The battle was furious, if not often fast: not in several decades had the Fair Labor Standards Act (FLSA) been amended to take away rights from workers. Yet this was precisely the end result of regulations first proposed by the Department of Labor (DOL) in March 2003. “The law hadn’t been touched in years, and needed to be updated and modernized,” we were told. There are few that wouldn’t admit the truth of that statement, but the agreement doesn’t extend much further than that. Much of the modernizing did not go nearly far enough: for example, the outdated salary test (which makes many of the most low-paying jobs subject to overtime requirements), has been increased. But it still not scaled to inflation, so it will be rendered meaningless in a few years just as its predecessor was, especially if political differences keep new regulations from being enacted for decades like they did before.

After the “Notice of Proposed Rulemaking,” which alerted the public of the Labor Department’s intent to make regulatory changes, was issued in March 2003, groups geared up for battle, once the pro-employer slant of the proposed regulations was revealed. By the comment deadline in June 2003, pro-employee and pro-employer groups submitted long and detailed comments, while a grassroots letter-writing campaign spearheaded by the AFL-CIO netted 75,280 comments–more than the Department of Labor (or perhaps any government agency) had ever received in response to a regulatory proposal.

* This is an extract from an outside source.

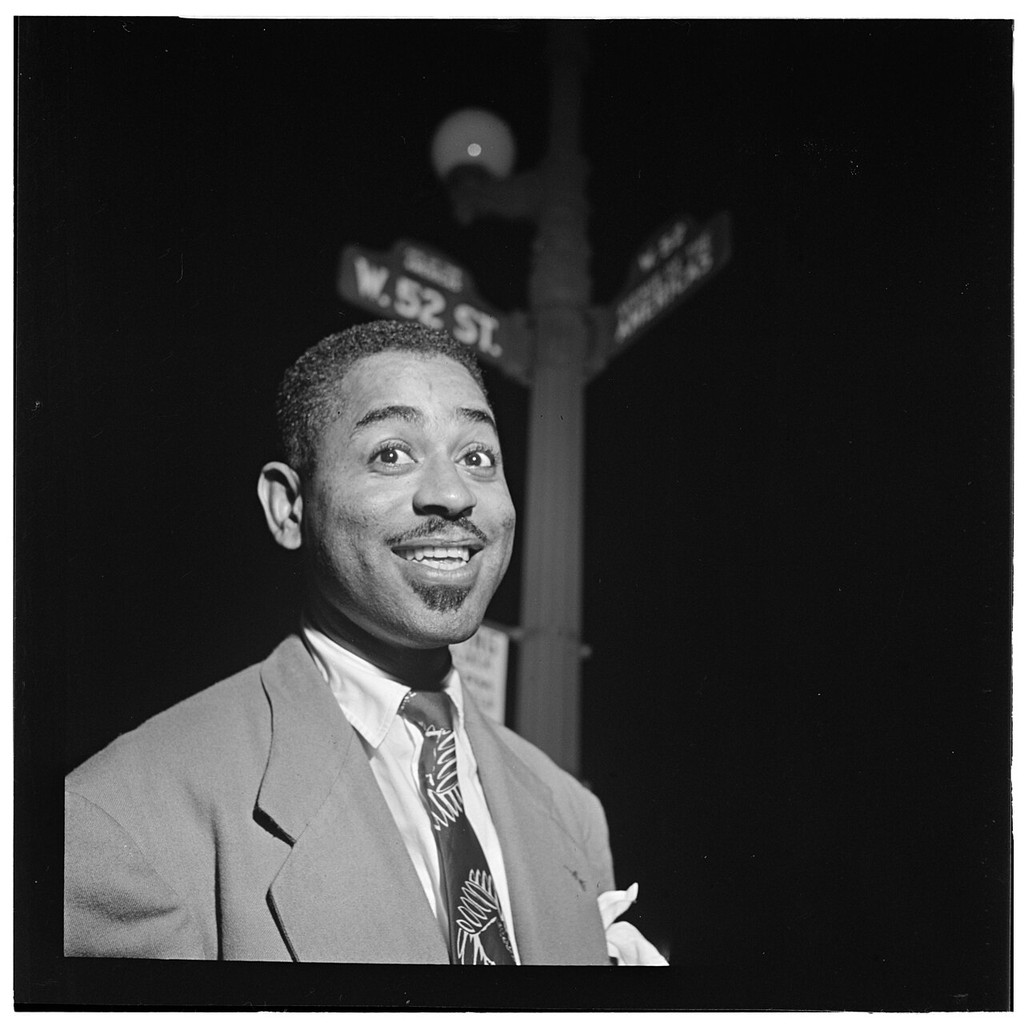Dizzy Gillespie smiling beneath New York street signs.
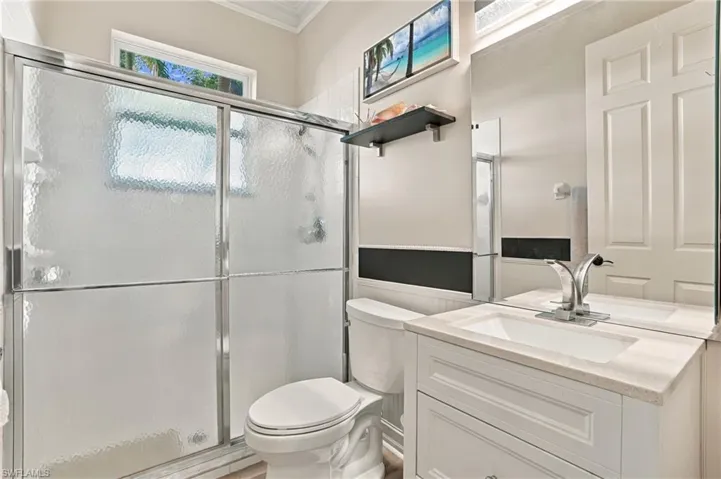 1st Floor Bathroom off Foyer and Den. Newer Vanity and Lighting.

While everyone who cared about this issue waited with bated breath for months, the DOL worked to incorporate some of the changes and further refine the proposal. It was not until the following April (of 2004), that the final regulations were issued. (See the Preamble for a detailed account of the revisions.) As reported here at that time, the changes were a mixed bag. From the employee perspective, there were some improvements from the first round proposal, while employers were lukewarm to some of the changes. Yet, the final assessment from groups representing workers was that there were certain aspects of the proposal that were still quite objectionable, and still likely to result in workers who earned overtime under the old regulations who would not be eligible for overtime under the new regulations.

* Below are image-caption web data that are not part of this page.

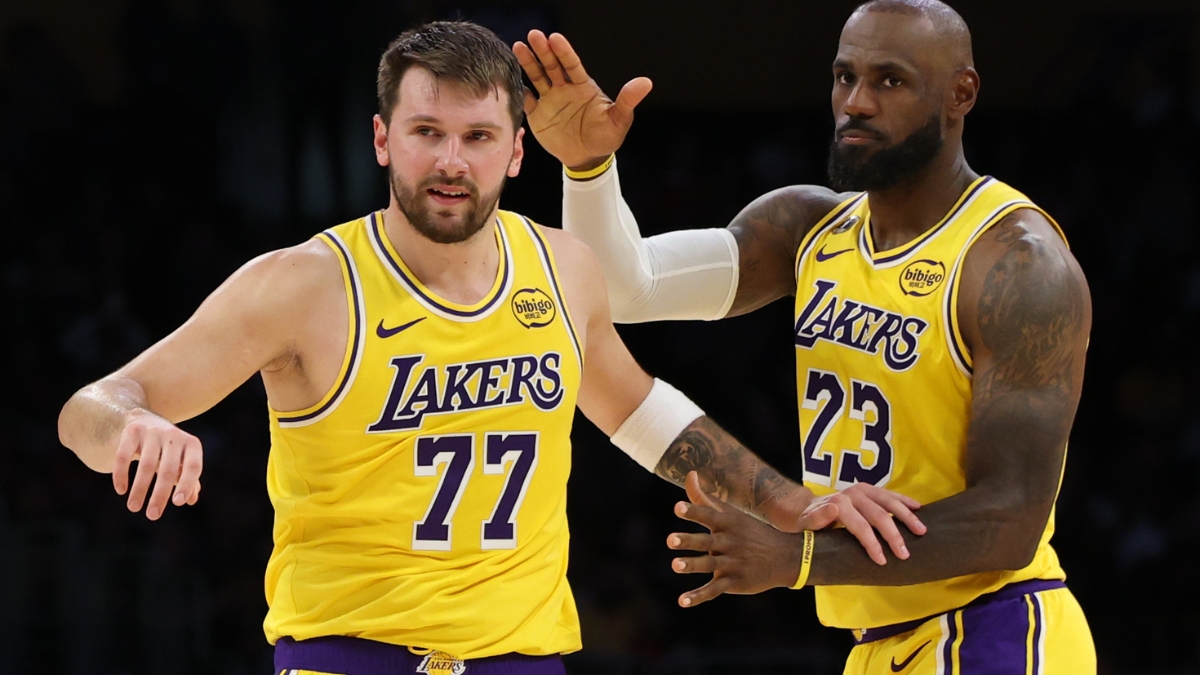 LeBron James congratulating Luka Dončić after his 51-point performance and record-breaking three-pointer during the Lakers vs. Bulls game at Crypto.com Arena.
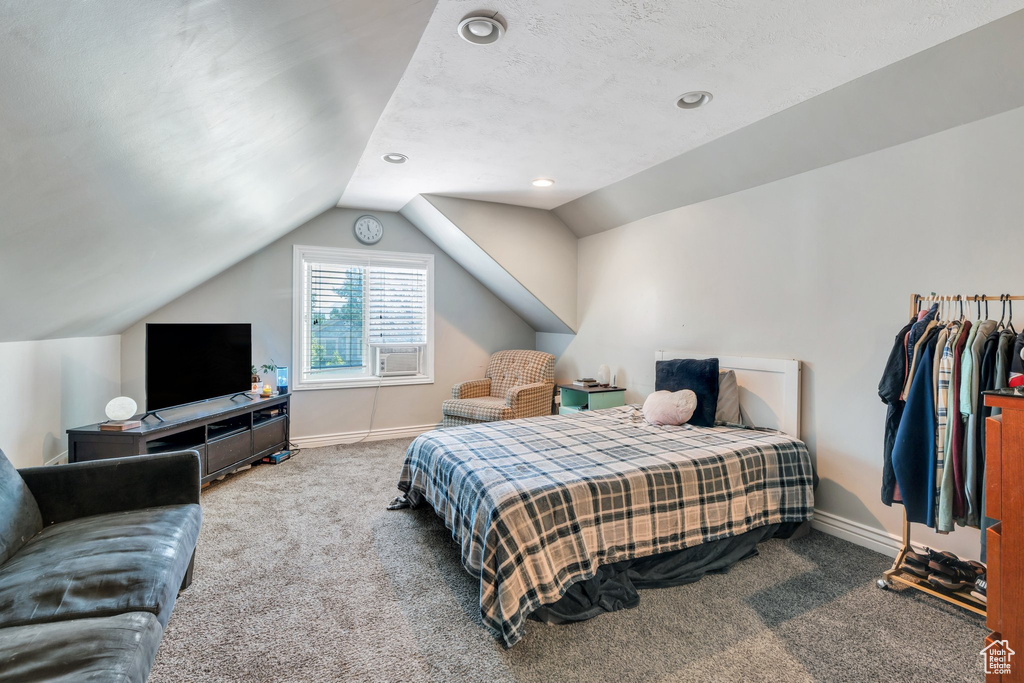 Bedroom featuring carpet flooring, vaulted ceiling, baseboards, recessed lighting, and cooling unit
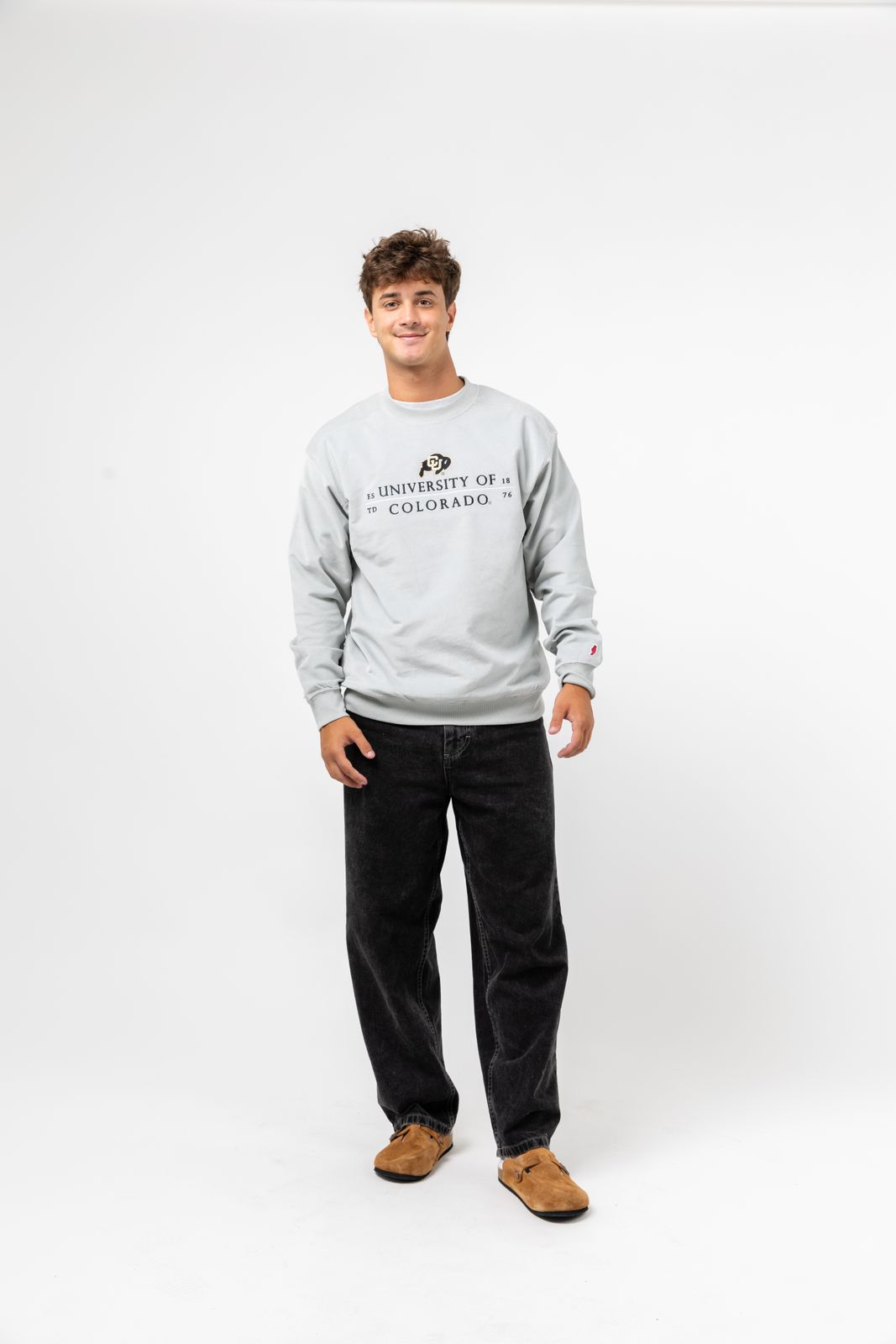 a man standing in front of a white background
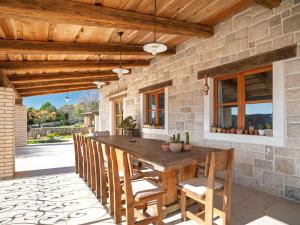 an outdoor dining room with a wooden table and chairs at Lavanda Mansion in Vodice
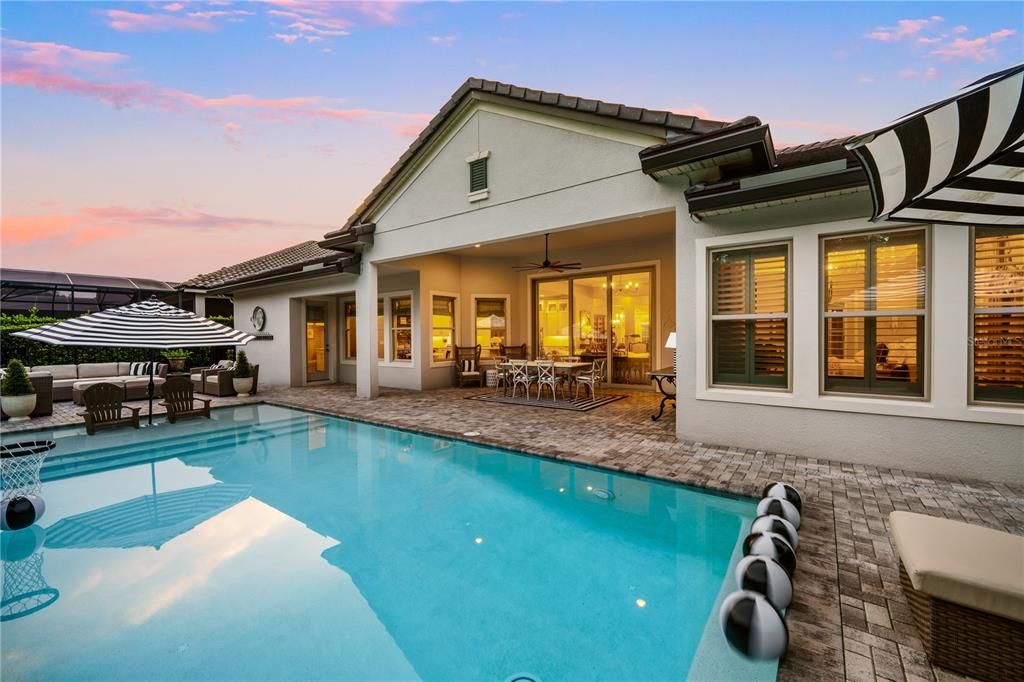 Family and informal eating overlook the pool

The battle played out before Congress in 2004 as well. Once the regulations were issued in April 2004, with an effective date of August 23, 2004, the only way to stop the regulations was for Congress to take action. And take action it did: on six different occasions, either the House or the Senate, through a majority vote in chambers with Republican majorities, voted to oppose the Administration’s overtime proposal, by withholding funds for its implementation. (Some of these votes are listed at the Workplace Fairness Action Center.) However, the leadership of both houses of Congress caved into the demands of the Bush Administration, who vowed to veto (for the first time in President Bush’s first four years) any bill that contained a restriction on implementing the new regulations. Not surprisingly, no version of the restrictions passed by Congress made its way into a bill headed to the President for his signature. This meant the regulations went into effect in August.

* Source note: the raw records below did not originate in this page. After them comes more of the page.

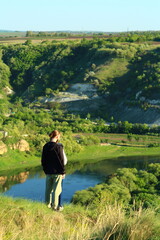 A man standing next to a pond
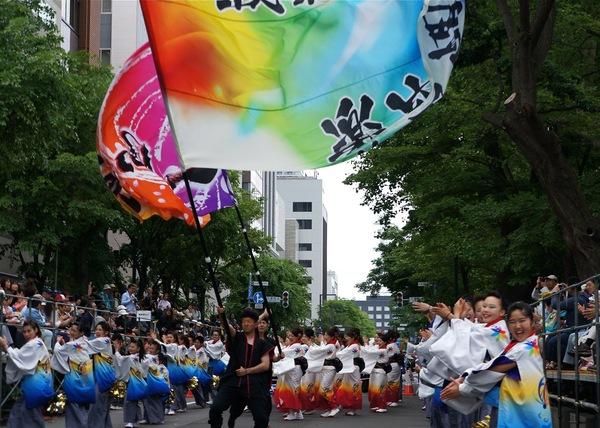 緑の街路樹が並ぶ道路で大漁旗のような大きな旗を振っている男性2名とその周りをはっぴや浴衣を着た丹波篠山楽空間一期一会の皆さんが踊っている写真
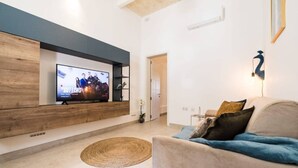 Una sala de estar moderna con un televisor de pantalla plana montado en una pared de paneles de madera, un sofá color beige con cojines, un tapete tejido y una pequeña planta en maceta.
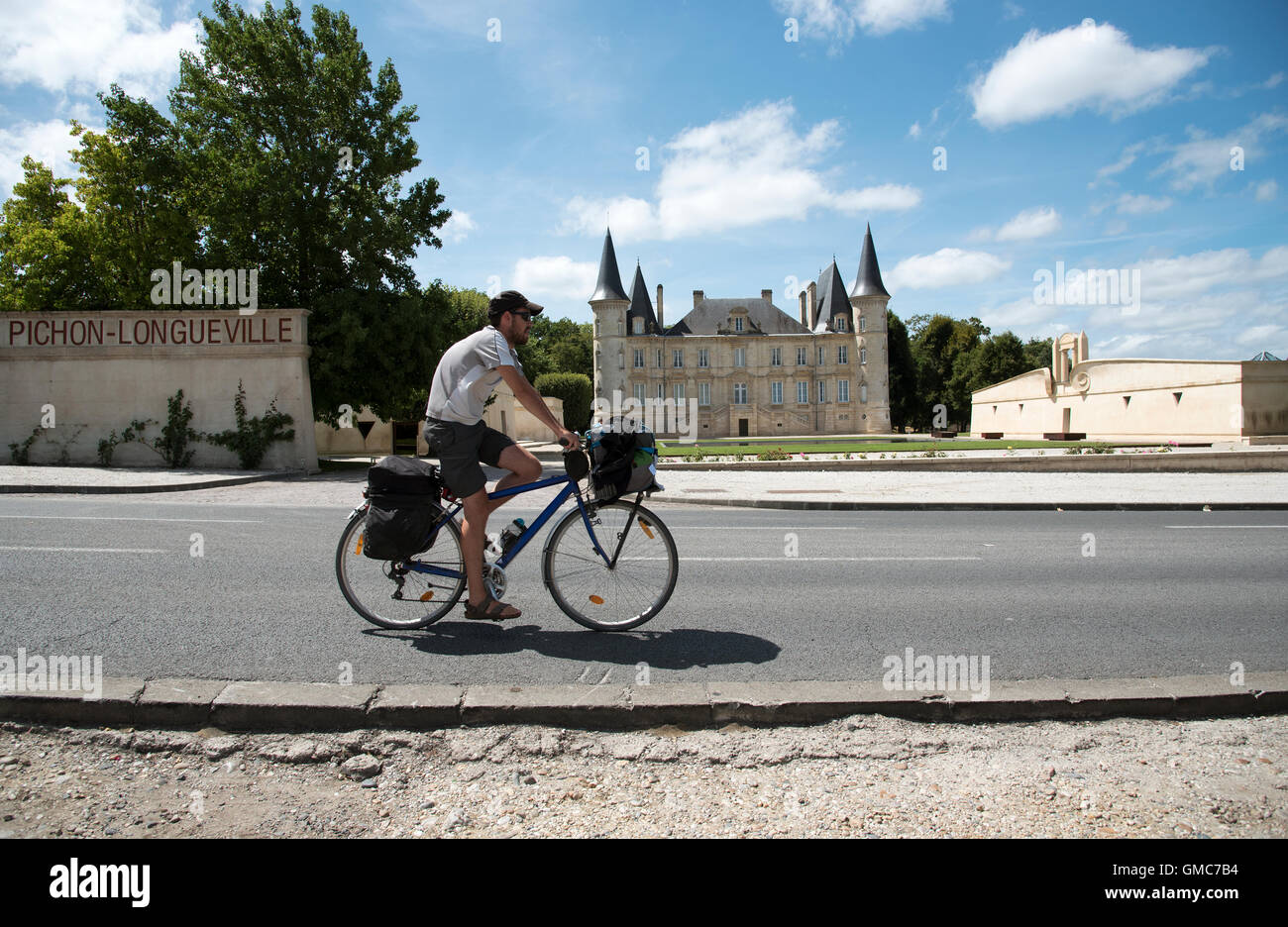 Chateau Pichon Longueville Pauillac France  A man cycling past this historic French wine estate in the Pauillac region of Borde Stock Photo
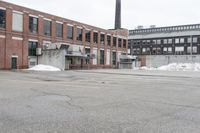 the empty parking lot has only snow on the ground in front of an old brick factory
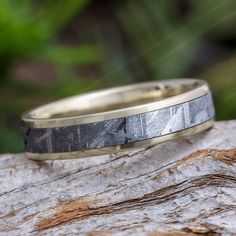 a yellow gold wedding band with black and white marble inlays on a rock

There was still hope, however, that the regulations might be revoked if John Kerry won the presidential race, as Kerry during his campaign vowed to do so, just as one of the first acts of the Bush Administration was to revoke the ergonomic regulations, more than a decade in the making, that finally went into effect in the waning days of the Clinton Administration. Well, we all know how that turned out. The President was reelected to the White House, Secretary of Labor Elaine Chao, a strong proponent of the overtime changes, was one of the few members of Bush’s Cabinet to stay on for a second term, and the overtime regulations were here to stay. There were a few efforts to keep the battle going, but the momentum had clearly shifted.

So as the battle-scarred opponents lick their wounds and assess what comes next for workers and overtime pay, here comes the defense spin. Business and Labor Reports (BLR), a legal publisher whose publications are oriented toward employers, recently issued a press release with the following provocative title: New Overtime Regulations Brouhaha – What Was the Fuss All About? The release’s header says “During the election there was enormous controversy over these changes, with some parties claiming that overtime was being destroyed. Now, it seems the controversy was overblown,” while BLR’s commentator, Susan Prince, says “it seems like the overtime changes are a nonevent.”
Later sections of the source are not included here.